Teachers want more Common Core preparation

October 19, 2014

Teachers who received extra training and support in implementing the Common Core State Standards have had a “positive” experience introducing them into their classrooms, according to a national survey of teachers.

But many teachers said they didn’t get enough professional preparation. Of the 1,676 teachers who responded to the July 2014 survey, funded by Scholastic Inc. and the Bill and Melinda Gates Foundation, the vast majority said they needed more training.

Teachers said they wanted more professional development in the actual content of the standards, how to integrate the standards “across subject areas” and what they need to change in their method of instruction to teach to the standards. California, 42 other states and the District of Columbia have adopted the new academic standards in  English Language Arts and Math.

“The finding that jumped out at me and gave me pause was that 84 percent of teachers said they needed quality professional development,” said Ellen Moir, chief executive officer of the New Teacher Center, a national nonprofit in Santa Cruz that provides training and mentorship to new teachers.

Nearly all teachers also said they needed resources, including instructional materials aligned with Common Core (88 percent) and more planning time to find materials and prepare lessons, and to collaborate with other teachers (78 percent).

Yet more teachers (79 percent) said they felt either “very prepared” or “somewhat prepared” to teach to the standards, compared to 71 percent in a companion survey a year earlier.

Large numbers of teachers surveyed also said they did not believe that policymakers were hearing their concerns. Only 30 percent of the teachers said they felt their opinions about Common Core were heard by administrators in districts, and only 5 percent felt that policymakers in their state were responsive to them, according to the report.

The survey also found that teachers were most concerned about whether there were enough tools and resources to help students who are two or more grade levels behind meet the standards.

For Martha Castellón, executive director of the Stanford Graduate School of Education’s Understanding Language program, which focuses on helping English language learners, such concerns ring true in California.

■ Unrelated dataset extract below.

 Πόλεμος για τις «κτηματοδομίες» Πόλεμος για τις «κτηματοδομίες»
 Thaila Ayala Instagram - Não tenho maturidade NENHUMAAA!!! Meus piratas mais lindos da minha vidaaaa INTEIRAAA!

Teachers are now expected to teach their classes aligned with the Common Core, while helping English learners master the higher standards.

“The state and districts are going to have to provide teachers with this training,” Castellón said. “The curriculum addresses the content,” she said. But it doesn’t help teachers break it down, she added, “for students who have various levels of English proficiency.”

Among other findings, the survey found that elementary schools were further along in the Common Core rollout than secondary schools. It also found that teachers were worried that the results of testing could play a role in teacher evaluations. Fifty-nine percent said that among hurdles that have made implementing the Common Core difficult was “having student results on new tests be a factor in teacher evaluations.”

Teachers cited other barriers to putting the Common Core into practice, including uncertainty about what assessments states will select to administer to students, and questions about whether the Common Core standards in math are aligned appropriately to each grade level.

Ryan Jones, a high school teacher at Watsonville High School, credits teacher training with preparing him to teach his students about the French Revolution in a manner aligned with the Common Core.

Instead of teaching students to memorize the causes of the French Revolution, says Jones, “you’re going to see students developing arguments about its causes.” Those arguments, he continued, must be based on evidence from primary sources.

His school provides regular training on Common Core, where a mentor reviews lesson plans and coaches teachers, Jones said. “She’ll ask things like, ‘Does this assignment focus more on facts or about how to think?'”

If California teachers are going to get training and support in how to implement the Common Core, their schools have to provide it, Jones said.

This is the third year of the survey of U.S. teachers, which was sent by email to the same 16,000 public school teachers – in Common Core states and in all grades – who responded to last year’s survey. Teachers from more than 40 states, including California and the District of Columbia, responded to the survey.

The sample size was standard for a such a survey, according to Kristen Harmeling, a partner in YouGov, the firm that designed it.